Images are not part of the copy; transcribe all the data exactly.

Short web captions
-------------------------
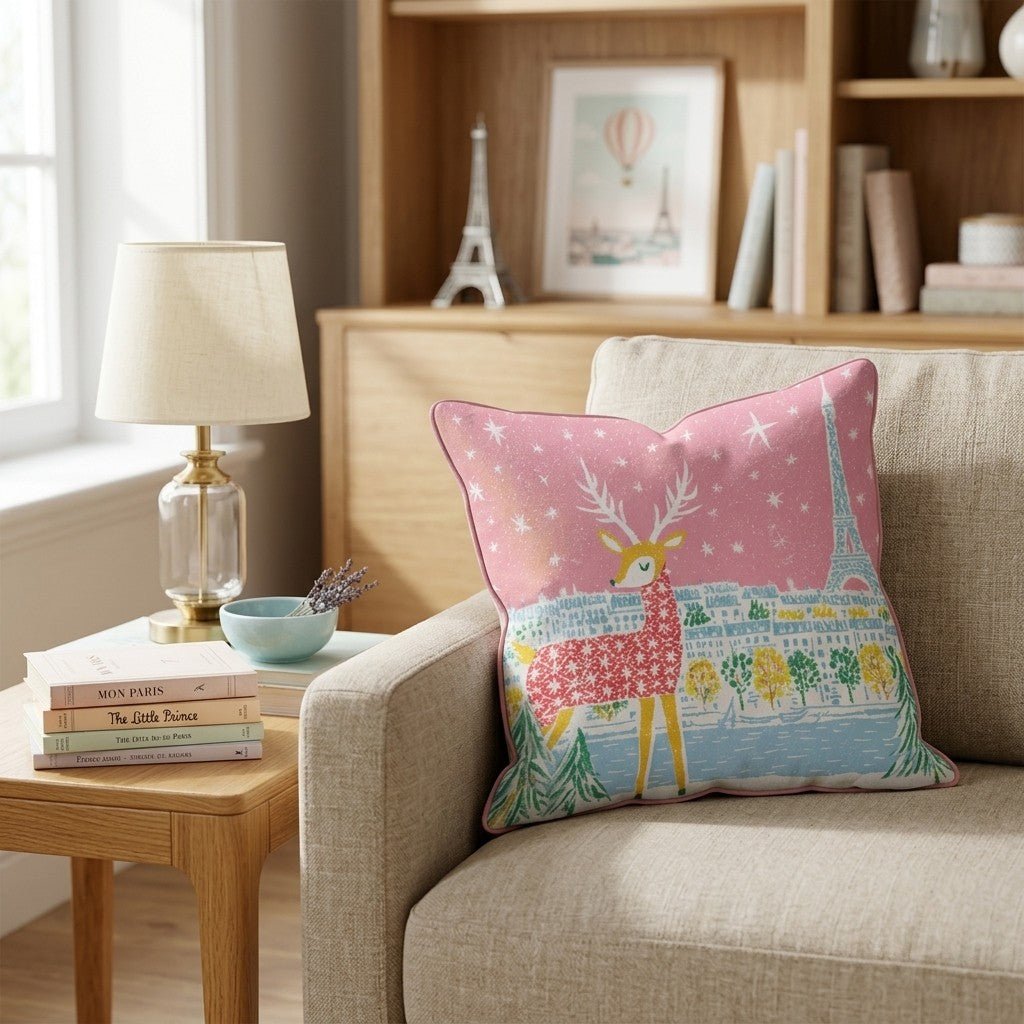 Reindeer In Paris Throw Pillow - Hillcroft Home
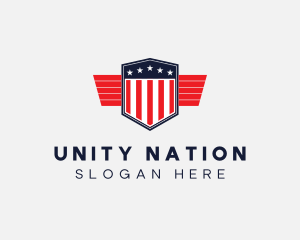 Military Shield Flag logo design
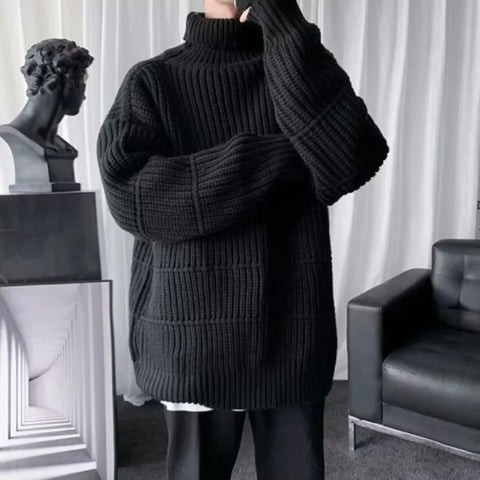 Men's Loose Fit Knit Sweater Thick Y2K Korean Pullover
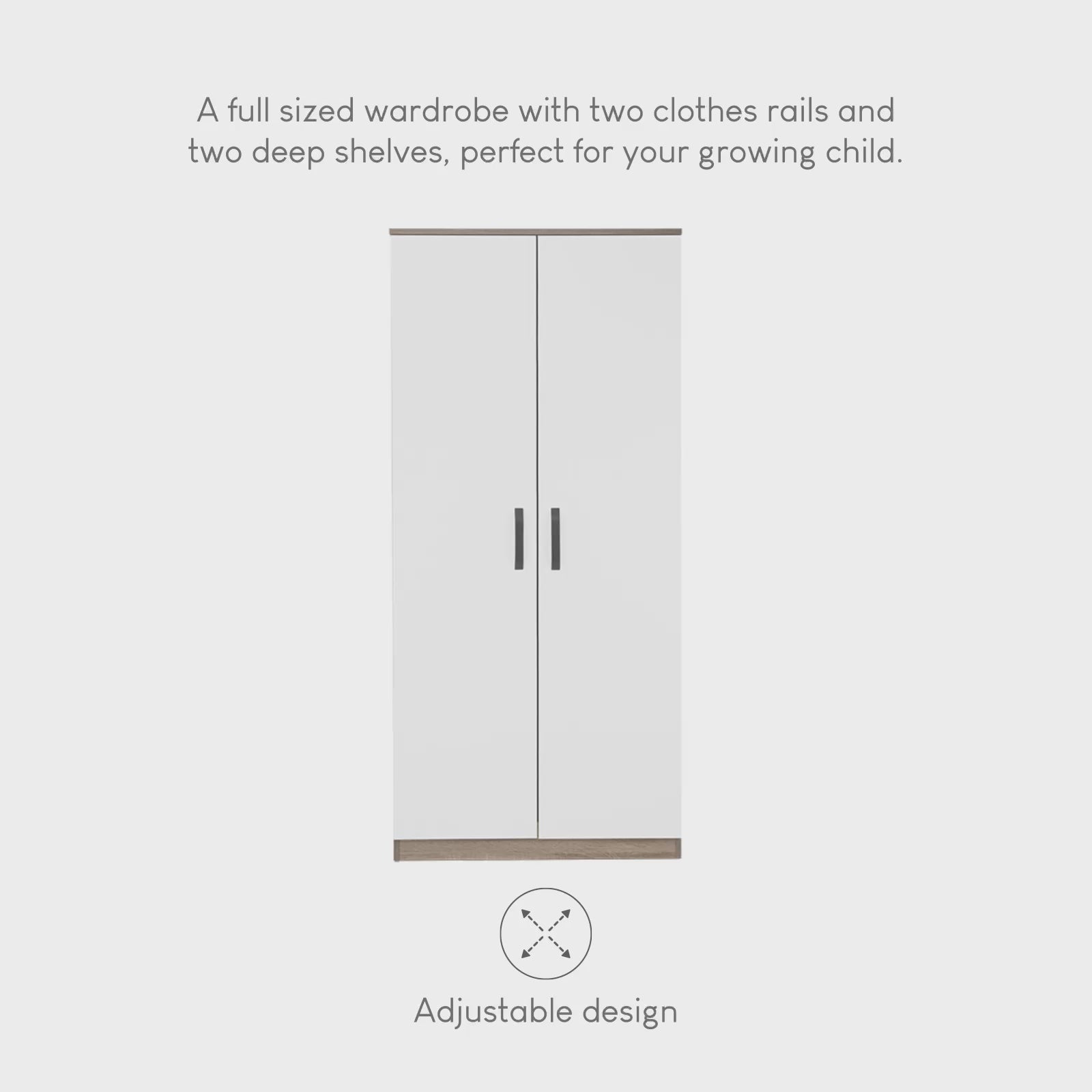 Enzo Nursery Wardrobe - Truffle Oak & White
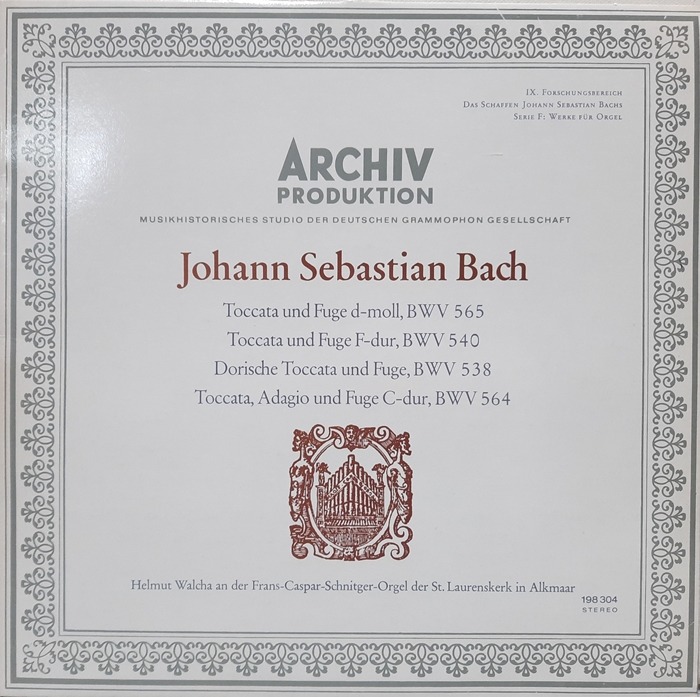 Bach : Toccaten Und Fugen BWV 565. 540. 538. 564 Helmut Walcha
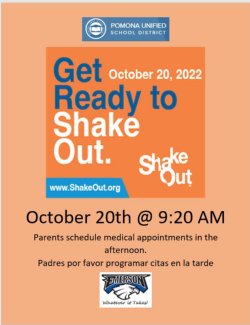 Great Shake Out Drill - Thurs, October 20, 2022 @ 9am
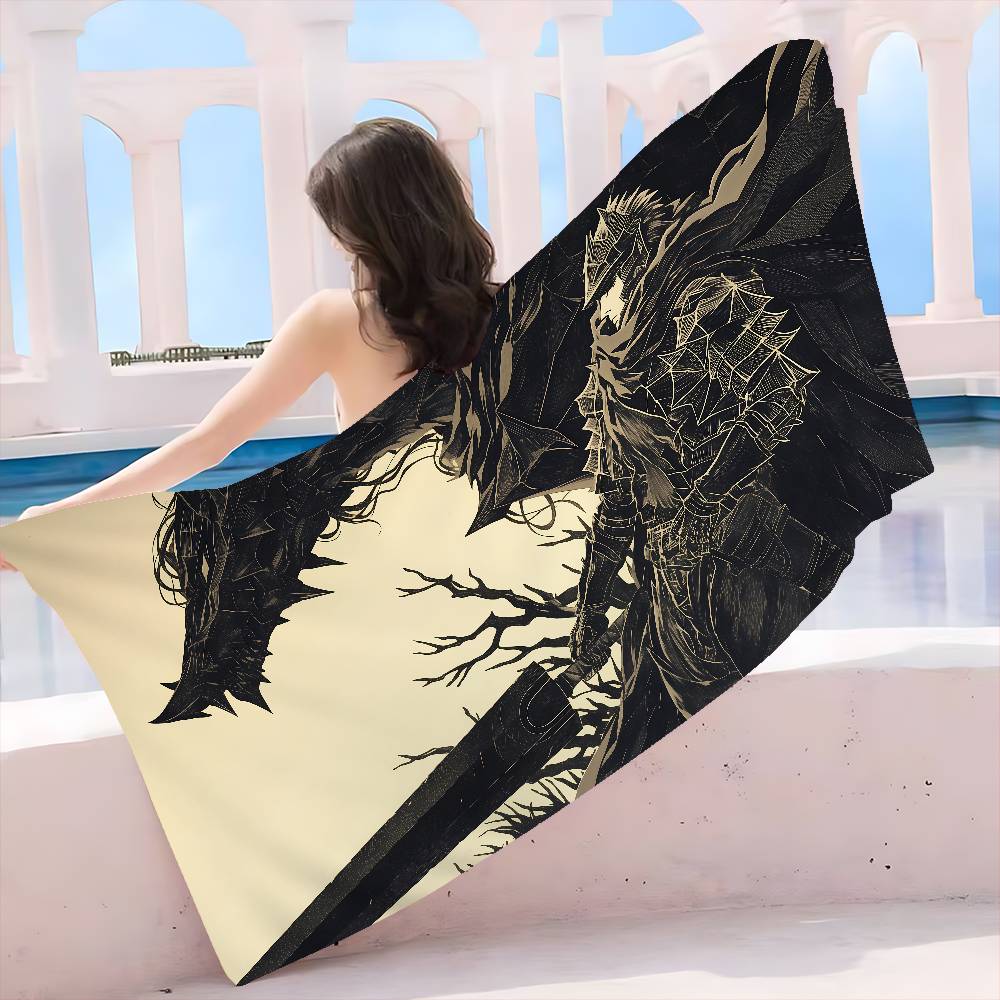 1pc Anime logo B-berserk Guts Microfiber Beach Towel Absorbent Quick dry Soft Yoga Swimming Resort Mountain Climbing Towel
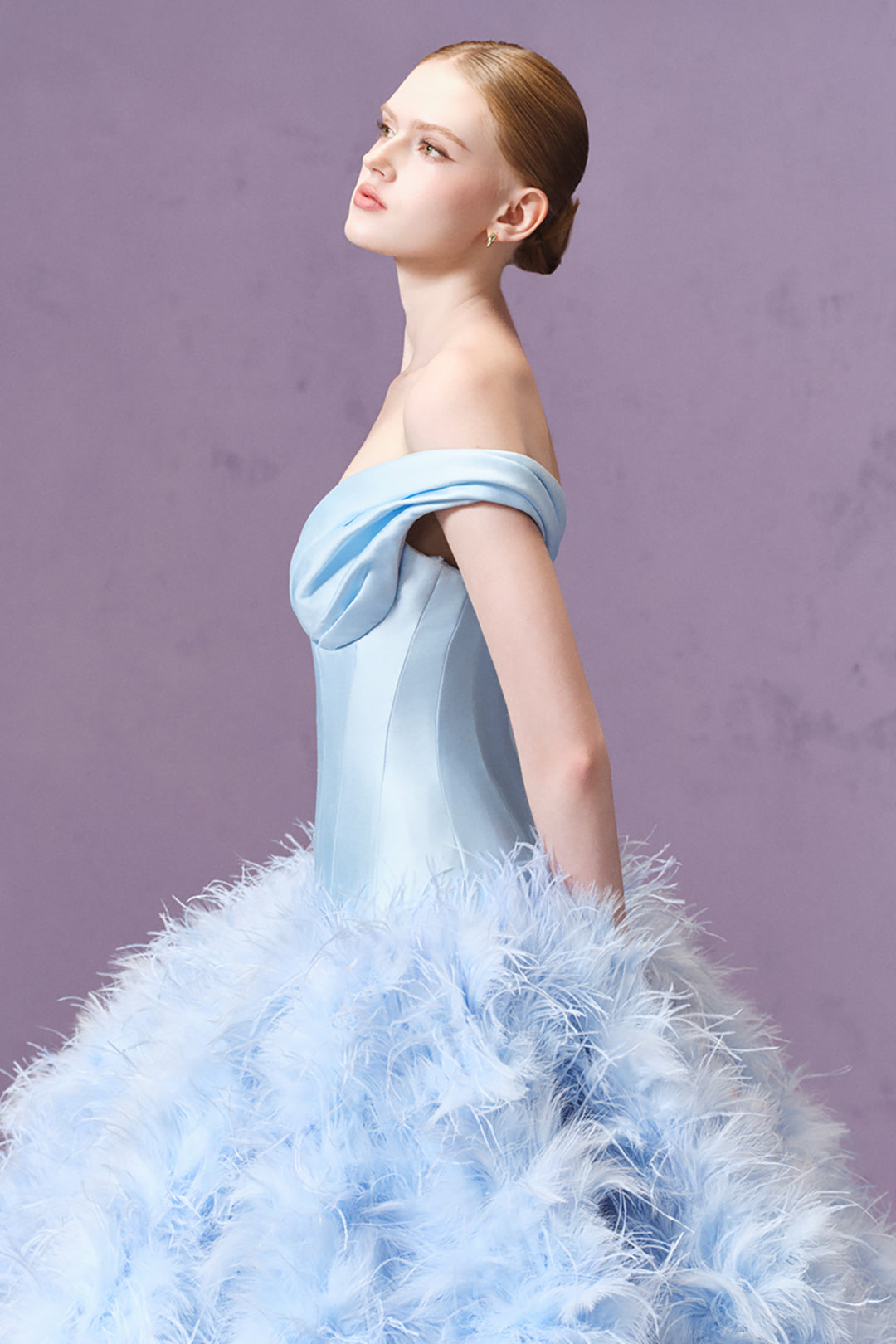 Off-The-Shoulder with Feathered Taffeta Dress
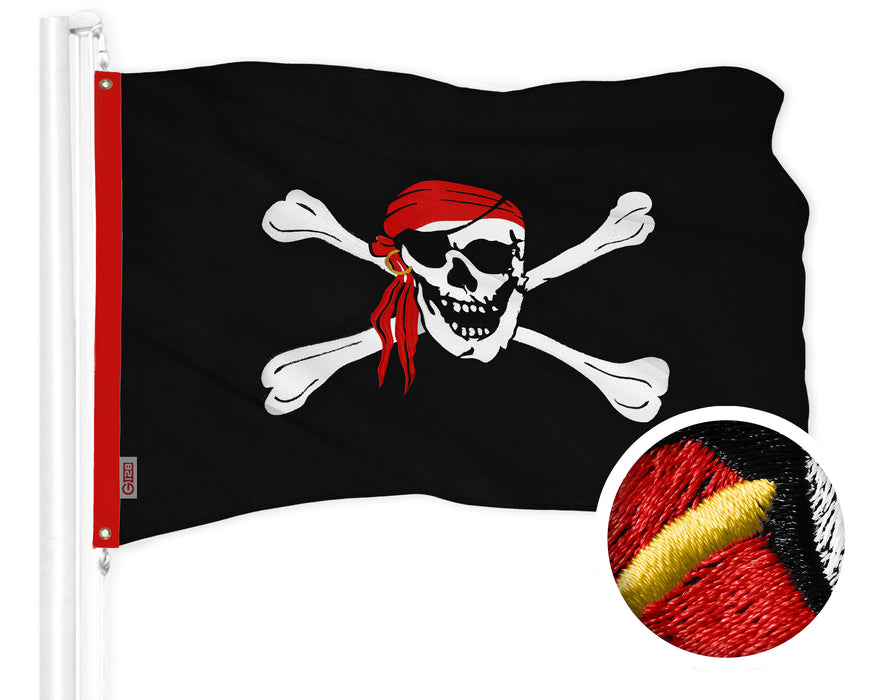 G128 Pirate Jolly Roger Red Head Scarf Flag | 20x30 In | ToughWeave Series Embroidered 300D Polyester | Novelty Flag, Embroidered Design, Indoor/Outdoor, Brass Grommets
-------------------------
Response:
 Reindeer In Paris Throw Pillow - Hillcroft Home
 Military Shield Flag logo design
 Men's Loose Fit Knit Sweater Thick Y2K Korean Pullover
 Enzo Nursery Wardrobe - Truffle Oak & White
 Bach : Toccaten Und Fugen BWV 565. 540. 538. 564 Helmut Walcha
 Great Shake Out Drill - Thurs, October 20, 2022 @ 9am
 1pc Anime logo B-berserk Guts Microfiber Beach Towel Absorbent Quick dry Soft Yoga Swimming Resort Mountain Climbing Towel
 Off-The-Shoulder with Feathered Taffeta Dress
 G128 Pirate Jolly Roger Red Head Scarf Flag | 20x30 In | ToughWeave Series Embroidered 300D Polyester | Novelty Flag, Embroidered Design, Indoor/Outdoor, Brass Grommets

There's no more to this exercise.